Le rôle de Mrs. Quickly est confié par Verdi à une tessiture de contralto, mais Kamelia Kader, mezzo-soprano d’ampleur, en investit les dimensions avec aisance. Son personnage, physiquement et vocalement, traverse les territoires, les situations et les classes sociales. Son perfecto en cuir noir et sa robe bleu jean, est une tenue tout terrain, qu'elle troque ensuite pour une somptueuse robe fuchsia. Le timbre est coloré à l’avenant. Ses révérences vocales, volontairement outrées sans se départir de lyrisme, montent et descendent, à la faveur de son rôle d’intrigante. La voix est franche, mais elle sait se laisser traverser par le souffle, pour décocher des aigus aguichants et des graves sensuels.

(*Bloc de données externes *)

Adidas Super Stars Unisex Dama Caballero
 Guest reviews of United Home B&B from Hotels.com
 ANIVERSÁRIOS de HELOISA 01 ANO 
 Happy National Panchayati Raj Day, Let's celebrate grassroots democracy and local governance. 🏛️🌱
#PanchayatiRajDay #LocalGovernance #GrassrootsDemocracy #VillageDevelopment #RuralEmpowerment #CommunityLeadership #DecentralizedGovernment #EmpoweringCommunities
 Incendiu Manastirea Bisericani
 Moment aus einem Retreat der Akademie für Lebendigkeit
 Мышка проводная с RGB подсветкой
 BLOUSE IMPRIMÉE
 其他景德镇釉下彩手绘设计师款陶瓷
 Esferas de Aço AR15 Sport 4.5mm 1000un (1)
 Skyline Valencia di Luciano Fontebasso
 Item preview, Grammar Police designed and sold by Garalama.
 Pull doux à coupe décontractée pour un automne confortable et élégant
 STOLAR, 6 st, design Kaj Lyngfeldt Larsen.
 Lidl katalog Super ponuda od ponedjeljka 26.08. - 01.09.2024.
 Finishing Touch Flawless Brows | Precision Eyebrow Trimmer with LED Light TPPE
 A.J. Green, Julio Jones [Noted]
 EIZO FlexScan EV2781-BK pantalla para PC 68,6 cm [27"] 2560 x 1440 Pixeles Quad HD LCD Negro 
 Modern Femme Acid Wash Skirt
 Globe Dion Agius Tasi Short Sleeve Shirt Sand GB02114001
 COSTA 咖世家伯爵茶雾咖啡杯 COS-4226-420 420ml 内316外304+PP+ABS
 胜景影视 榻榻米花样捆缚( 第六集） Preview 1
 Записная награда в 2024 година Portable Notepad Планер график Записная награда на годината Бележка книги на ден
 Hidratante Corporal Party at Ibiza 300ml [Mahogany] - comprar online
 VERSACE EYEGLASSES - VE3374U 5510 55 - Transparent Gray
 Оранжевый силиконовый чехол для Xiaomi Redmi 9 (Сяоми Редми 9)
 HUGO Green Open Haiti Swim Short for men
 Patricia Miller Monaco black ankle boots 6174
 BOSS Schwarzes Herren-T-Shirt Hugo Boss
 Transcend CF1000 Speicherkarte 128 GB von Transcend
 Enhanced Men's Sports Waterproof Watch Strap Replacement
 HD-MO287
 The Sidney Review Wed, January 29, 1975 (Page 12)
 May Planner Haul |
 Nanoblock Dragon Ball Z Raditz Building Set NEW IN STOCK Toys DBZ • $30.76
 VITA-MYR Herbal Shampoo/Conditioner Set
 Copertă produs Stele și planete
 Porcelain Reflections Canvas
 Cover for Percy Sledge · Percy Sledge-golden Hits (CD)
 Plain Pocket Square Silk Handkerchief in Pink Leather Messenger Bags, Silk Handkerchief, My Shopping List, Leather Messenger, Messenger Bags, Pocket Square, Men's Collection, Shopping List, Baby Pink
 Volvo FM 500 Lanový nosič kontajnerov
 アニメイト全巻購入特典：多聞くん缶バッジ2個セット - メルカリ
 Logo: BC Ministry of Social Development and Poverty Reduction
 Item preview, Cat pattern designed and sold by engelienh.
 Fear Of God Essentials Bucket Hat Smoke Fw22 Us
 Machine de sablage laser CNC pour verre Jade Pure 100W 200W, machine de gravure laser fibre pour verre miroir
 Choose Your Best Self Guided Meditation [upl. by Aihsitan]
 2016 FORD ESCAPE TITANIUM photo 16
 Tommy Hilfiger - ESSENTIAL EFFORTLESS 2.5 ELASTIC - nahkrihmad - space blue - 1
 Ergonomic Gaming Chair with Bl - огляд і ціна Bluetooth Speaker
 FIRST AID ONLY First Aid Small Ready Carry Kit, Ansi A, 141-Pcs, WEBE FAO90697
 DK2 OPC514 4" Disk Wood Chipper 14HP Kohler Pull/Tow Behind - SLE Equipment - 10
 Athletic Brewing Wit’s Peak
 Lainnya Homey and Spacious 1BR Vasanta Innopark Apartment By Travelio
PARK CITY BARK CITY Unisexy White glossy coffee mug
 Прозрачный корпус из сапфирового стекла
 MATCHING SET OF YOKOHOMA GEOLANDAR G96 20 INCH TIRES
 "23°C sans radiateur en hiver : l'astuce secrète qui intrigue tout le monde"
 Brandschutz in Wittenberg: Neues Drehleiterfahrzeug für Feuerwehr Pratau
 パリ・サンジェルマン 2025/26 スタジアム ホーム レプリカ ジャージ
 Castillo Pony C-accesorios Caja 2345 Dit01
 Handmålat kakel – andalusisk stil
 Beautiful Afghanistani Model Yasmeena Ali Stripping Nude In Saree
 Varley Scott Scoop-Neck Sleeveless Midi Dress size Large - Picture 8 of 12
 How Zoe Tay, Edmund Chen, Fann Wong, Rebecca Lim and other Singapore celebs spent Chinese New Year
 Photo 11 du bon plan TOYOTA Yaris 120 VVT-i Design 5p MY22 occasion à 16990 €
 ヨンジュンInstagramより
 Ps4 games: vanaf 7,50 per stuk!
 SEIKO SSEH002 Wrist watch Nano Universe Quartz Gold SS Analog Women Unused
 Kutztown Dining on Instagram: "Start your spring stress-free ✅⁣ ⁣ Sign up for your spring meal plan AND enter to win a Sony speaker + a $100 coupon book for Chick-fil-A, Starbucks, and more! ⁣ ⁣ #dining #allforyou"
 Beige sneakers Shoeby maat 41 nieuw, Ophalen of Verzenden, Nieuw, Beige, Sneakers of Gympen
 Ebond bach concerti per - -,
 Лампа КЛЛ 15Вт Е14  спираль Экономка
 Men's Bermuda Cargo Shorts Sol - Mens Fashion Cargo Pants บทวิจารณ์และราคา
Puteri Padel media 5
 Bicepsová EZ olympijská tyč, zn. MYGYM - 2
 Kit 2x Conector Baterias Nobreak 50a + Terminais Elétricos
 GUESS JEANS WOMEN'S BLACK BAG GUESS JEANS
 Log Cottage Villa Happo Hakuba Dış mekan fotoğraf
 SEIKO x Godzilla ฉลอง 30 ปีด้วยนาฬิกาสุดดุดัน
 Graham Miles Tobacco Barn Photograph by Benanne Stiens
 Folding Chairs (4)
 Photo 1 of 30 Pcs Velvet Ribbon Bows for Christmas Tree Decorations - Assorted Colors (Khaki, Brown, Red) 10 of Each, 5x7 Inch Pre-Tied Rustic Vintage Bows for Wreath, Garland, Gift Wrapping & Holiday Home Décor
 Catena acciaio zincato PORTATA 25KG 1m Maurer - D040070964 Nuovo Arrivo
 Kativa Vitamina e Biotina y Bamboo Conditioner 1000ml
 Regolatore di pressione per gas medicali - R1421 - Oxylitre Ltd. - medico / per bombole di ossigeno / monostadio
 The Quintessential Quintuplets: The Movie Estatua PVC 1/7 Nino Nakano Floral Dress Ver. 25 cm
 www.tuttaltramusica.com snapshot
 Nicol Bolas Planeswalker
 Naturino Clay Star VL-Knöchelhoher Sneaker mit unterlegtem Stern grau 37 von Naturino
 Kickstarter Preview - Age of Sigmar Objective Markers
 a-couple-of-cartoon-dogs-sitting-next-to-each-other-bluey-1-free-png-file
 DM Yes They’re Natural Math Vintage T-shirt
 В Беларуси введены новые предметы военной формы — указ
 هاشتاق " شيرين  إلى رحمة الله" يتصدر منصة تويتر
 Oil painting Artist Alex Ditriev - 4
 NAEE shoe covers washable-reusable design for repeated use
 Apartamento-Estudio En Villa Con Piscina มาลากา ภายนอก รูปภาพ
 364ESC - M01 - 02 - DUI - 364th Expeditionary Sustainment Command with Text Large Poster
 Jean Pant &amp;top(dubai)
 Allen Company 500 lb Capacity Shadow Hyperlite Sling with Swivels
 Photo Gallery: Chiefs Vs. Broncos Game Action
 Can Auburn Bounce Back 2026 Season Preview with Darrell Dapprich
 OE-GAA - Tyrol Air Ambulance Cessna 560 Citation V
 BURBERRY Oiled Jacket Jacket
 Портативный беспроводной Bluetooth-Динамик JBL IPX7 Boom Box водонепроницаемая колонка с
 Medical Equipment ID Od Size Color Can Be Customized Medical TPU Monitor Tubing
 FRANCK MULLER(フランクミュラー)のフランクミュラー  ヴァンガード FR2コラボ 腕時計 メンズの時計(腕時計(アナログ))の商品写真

Le duo de domestiques de Falstaff se montre virtuose dans l’art du retournement de veste. Le personnage Bardolfo du ténor Vincent Ordonneau, bien déluré, s’articule étroitement à celui du Pistola de la basse Patrick Bolleire, bien déclamante. Ferme la marche le Docteur Caïus du ténor Thomas Morris, au timbre bien perché, faisant sonner son fausset, dans son monde sournois.
La direction musicale de Daniele Callegari est d’une impeccable élégance. L’œuvre est une grande montre suisse, dont chaque seconde semble vivre pour elle-même, tant les textures de l’orchestration verdienne sont éparpillées, disséminées. Scène et fosse semblent alors jouer au ping-pong, tandis que le chef d’orchestre paraît tenir une raquette, dans chaque main. Sous sa conduite, les musiciens de la phalange, solistes comme tuttistes, et en particulier les vents et la petite percussion, sont particulièrement à l’écoute du plateau, ayant à caractériser en permanence le climat scénique. Le Chœur de l’Opéra de Nice, peu sollicité dans cet opus, déploie ses trésors d’unité, prolongeant l’énergie pulsatile qui anime les forces du spectacle.
Le public, dont une partie engouffre ses applaudissements dans le silence qui précède la strette finale, acclame particulièrement les deux binômes d’acrobates de l’après-midi, venus le saluer main dans la main.